Moore's law repealed

Finally, there's the looming problem of the future of silicon process-size shrinkage: it can't go on forever. One obvious limit, as Segars pointed out, is the .27-nanometer diameter of the silicon atom itself – as process sizes shrink down to, say, 14nm and below, you're only talking about dozens of atoms per transistor gate.

But there are plenty of other challenges to be met before you'll count the number of silicon atoms in a gate on your fingers and toes – namely, what lithography techniques can take you well below 20nm?

At the 20nm level, Segars said, "the problem is that you need to introduce double patterning." Using two sets of masks to accomplish what one set could do at larger process sizes not only increases mask costs, but also slows down the throughput of the manufacturing.

If you want to keep the throughput at the same rate, you have to buy more equipment – which might make the ASML's of the world happier, but driving up chip costs is not a good thing in a world that includes developing nations whose citizens are hankering to join the mobile world.

There's one long-sought technology about which Segars remains a bit sceptical. "At 14 [nanometers] and below, what you really want is EUV," he said, referring to extreme ultraviolet lithography, which has long been seen as a possible solution to the process-shinking problem. EUV's promise comes from the fact that it's based on 13.5nm wavelength light – one hell of a lot more precise than the 193nm light that Segars said is used in today's visible-light lithography.

"The problem is," he said, "that [EUV] is really, really hard to make. You've got to make a plasma out of tin atoms, and then shoot it with a laser, and some light comes out – but the light's really weak, and it gets absorbed by everything. So generating enough of it to economically build chips is very, very hard."

And EUV technology is currently slow. "To have a fab running economically," Segars said, "you need to build about two to three hundred wafers an hour. EUV machines today can do about five."

Some observers question whether EUV will ever be a workable form of chip lithography. "If that's the case, then," Segars said, "frankly we're not quite sure what we're going to do."
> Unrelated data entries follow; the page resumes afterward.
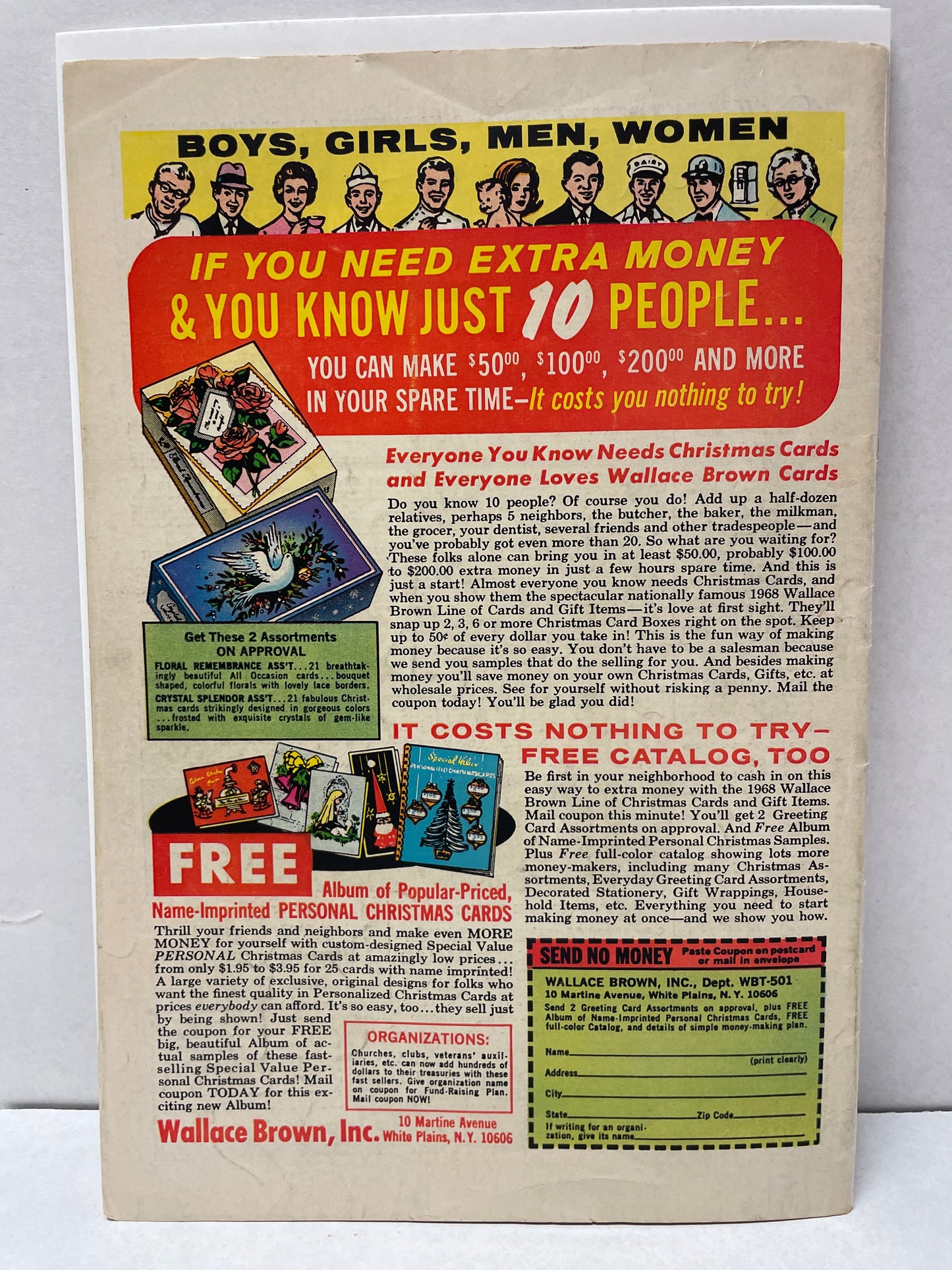 THE X-MEN #48 FINE+/VF (1968, MARVEL SILVER AGE) 1st COMPUTO APPEARANCE!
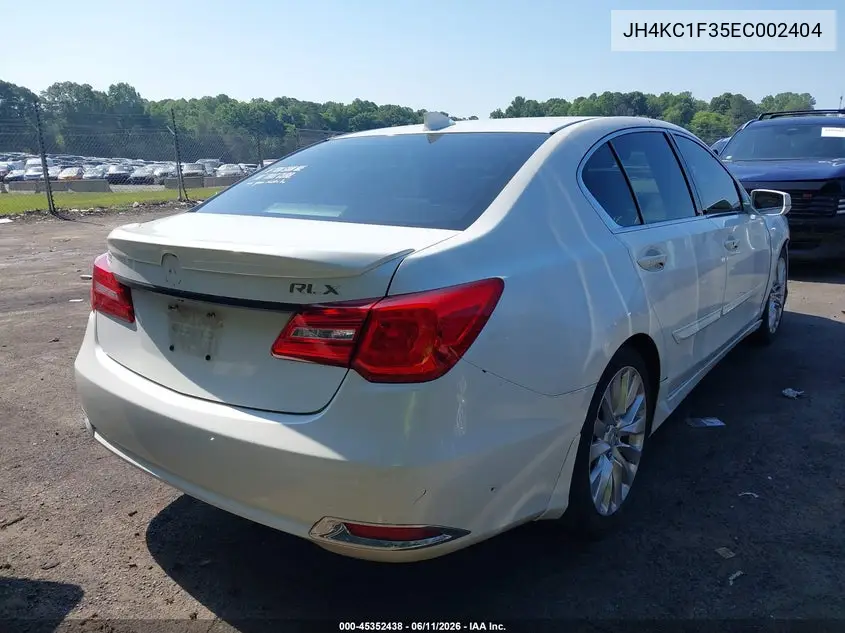 2014 Acura Rlx VIN: JH4KC1F35EC002404 Lot: 45352438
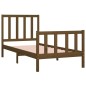 vidaXL Massivholzbett Honigbraun 90x190 cm vidaXL Massivholzbett Honigbraun 90x190 cm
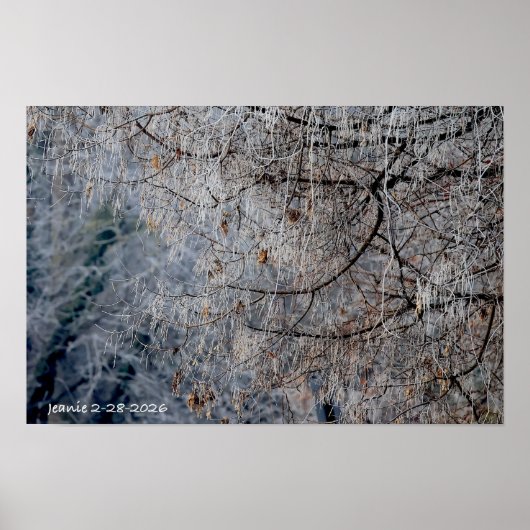 Winter wonderland poster (Voorkant)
From his pont of view, it's time for the microprocessor industry – in all its disaggregated chunks – to take a page from an old Apple ad campaign and, as he put it, "Think different".

The past is prolog. "Silicon scaling has been great." Segars reminisces. "We've gotten huge gains in power, performance, and area, but it's going to end somewhere, and that's going to affect how we do design and how we run our businesses, so my advice to you is get ready for that.

"It's coming sooner than a lot of people want to recognize."

After the endgame: core teamwork

But that's not to say that there's a dead-end on the road we're travelling. Segars' vision of the future jibes with the one described by fellow ARMian Jem Davies, the company's vice president of technology, when speaking at AMD's Fusion Summit this June – namely, that heterogeneous computing systems are the Next Big Thing.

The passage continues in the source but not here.